Configuration Options¶
| Option | Type | Default | Description |
|---|---|---|---|
Devs.ConsiderEmptyCommits | bool | false | Include empty commits (e.g., trivial merges) in commit counts |
Devs.Anonymize | bool | false | Replace developer names with pseudonyms (Developer-A, Developer-B, etc.) |
Example Output¶
{
"developers": [
{
"id": 0,
"name": "alice",
"commits": 342,
"lines_added": 28500,
"lines_removed": 12300,
"lines_changed": 8400,
"net_lines": 16200,
"languages": {
"Go": {"added": 22000, "removed": 9800, "changed": 6200},
"Python": {"added": 6500, "removed": 2500, "changed": 2200}
},
"first_tick": 0,
"last_tick": 120,
"active_ticks": 85
}
],
"languages": [
{
"name": "Go",
"total_lines": 45000,
"total_contribution": 67800,
"contributors": {"0": 54600, "1": 13200}
},
{
"name": "Python",
"total_lines": 12000,
"total_contribution": 16700,
"contributors": {"0": 11200, "1": 5500}
}
],
"busfactor": [
{
"language": "Python",
"bus_factor": 1,
"total_contributors": 2,
"primary_dev_name": "alice",
"primary_percentage": 67.1,
"secondary_dev_name": "bob",
"secondary_percentage": 32.9,
"risk_level": "MEDIUM"
}
],
"activity": [
{"tick": 0, "total_commits": 5, "by_developer": {"0": 3, "1": 2}},
{"tick": 1, "total_commits": 8, "by_developer": {"0": 5, "1": 3}}
],
"churn": [
{"tick": 0, "lines_added": 450, "lines_removed": 120, "net_change": 330}
],
"aggregate": {
"total_commits": 850,
"total_lines_added": 95000,
"total_lines_removed": 42000,
"total_developers": 5,
"active_developers": 3,
"analysis_period_ticks": 120,
"project_bus_factor": 2,
"total_languages": 4
}
}
aggregate:
total_commits: 850
total_lines_added: 95000
total_lines_removed: 42000
total_developers: 5
active_developers: 3
project_bus_factor: 2
total_languages: 4
developers:
- name: alice
commits: 342
lines_added: 28500
lines_removed: 12300
net_lines: 16200
languages:
- name: Go
total_lines: 45000
total_contribution: 67800
busfactor:
- language: Python
bus_factor: 1
total_contributors: 2
primary_dev_name: alice
primary_percentage: 67.1
risk_level: MEDIUM
Use Cases¶
- Team assessment: Understand who contributes what, in which languages, and when.
- Bus factor analysis: Identify languages or components where a single developer departure would create critical knowledge gaps.
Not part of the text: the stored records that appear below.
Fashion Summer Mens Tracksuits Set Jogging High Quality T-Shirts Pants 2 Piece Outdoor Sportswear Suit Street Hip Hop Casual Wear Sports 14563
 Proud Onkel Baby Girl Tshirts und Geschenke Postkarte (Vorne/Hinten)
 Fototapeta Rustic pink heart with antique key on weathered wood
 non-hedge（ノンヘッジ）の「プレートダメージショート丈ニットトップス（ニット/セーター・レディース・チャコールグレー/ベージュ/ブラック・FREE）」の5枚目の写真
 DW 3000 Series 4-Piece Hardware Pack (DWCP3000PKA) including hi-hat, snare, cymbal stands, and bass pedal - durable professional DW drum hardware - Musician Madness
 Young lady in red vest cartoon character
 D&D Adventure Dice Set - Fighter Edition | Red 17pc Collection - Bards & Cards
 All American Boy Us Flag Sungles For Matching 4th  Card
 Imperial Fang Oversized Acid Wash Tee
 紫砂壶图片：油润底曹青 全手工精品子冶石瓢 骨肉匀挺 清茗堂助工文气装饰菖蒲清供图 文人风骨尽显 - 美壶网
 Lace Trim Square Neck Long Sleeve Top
The CHAOSS bus factor number tells you how many people need to leave before 50% of knowledge is lost.
- Activity monitoring: Track developer engagement over time. Declining activity may signal burnout or attrition risk.
- Language migration tracking: Monitor the adoption of a new language by watching language statistics over time.
- Onboarding evaluation: Measure how quickly new team members ramp up by comparing their activity curves.
- Code churn analysis: Detect periods of high line velocity that may correlate with instability or deadline pressure.
Limitations¶
- Identity resolution: Developer identity is determined by the identity detector (email-based by default). Multiple email addresses for the same person will appear as separate developers unless a mailmap is configured.
- Merge commits: By default, merge commits are processed only once (first encounter). Trivial merges are skipped unless
ConsiderEmptyCommitsis enabled. - Line attribution: Lines are attributed to the commit author, not the committer. In workflows with heavy rebasing, this may differ from expectations.
- Contribution measurement: Contributions are measured as lines added + lines removed. This gives fair credit to refactoring work but does not distinguish between code complexity or quality.
- Active developer threshold: "Active developers" are those with commits in the last 90 days (when tick size is known). Falls back to the recent 30% of the analysis period when tick size is unavailable. This threshold is not configurable.